START Data for processing

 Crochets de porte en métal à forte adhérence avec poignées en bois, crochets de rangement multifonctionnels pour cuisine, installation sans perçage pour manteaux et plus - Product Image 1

END Data for processing
START Data for processing

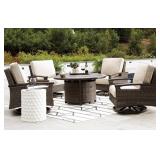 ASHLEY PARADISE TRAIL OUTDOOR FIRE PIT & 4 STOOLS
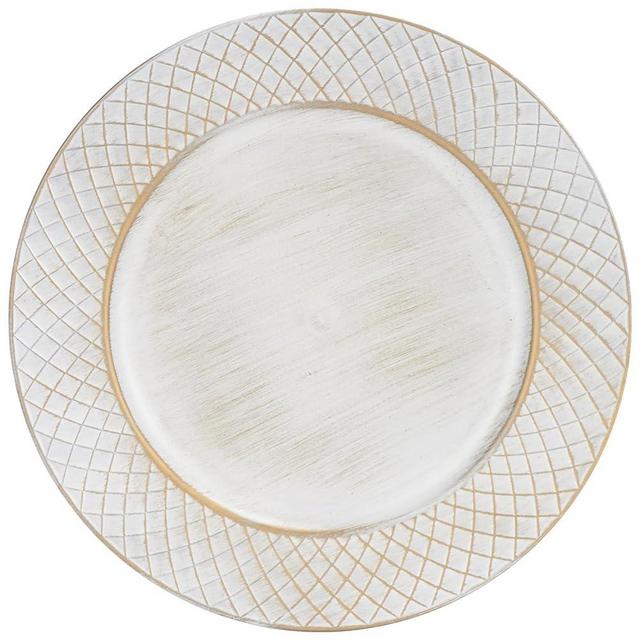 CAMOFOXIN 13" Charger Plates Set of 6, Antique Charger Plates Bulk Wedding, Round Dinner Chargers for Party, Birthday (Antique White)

END Data for processing

→ What you are asked to do
Above are records; repeat only the lines from the line with "ASHLEY PARADISE TRAIL" through the line with "Birthday (Antique White)", and leave pictures out.

→ Result
 ASHLEY PARADISE TRAIL OUTDOOR FIRE PIT & 4 STOOLS
 CAMOFOXIN 13" Charger Plates Set of 6, Antique Charger Plates Bulk Wedding, Round Dinner Chargers for Party, Birthday (Antique White)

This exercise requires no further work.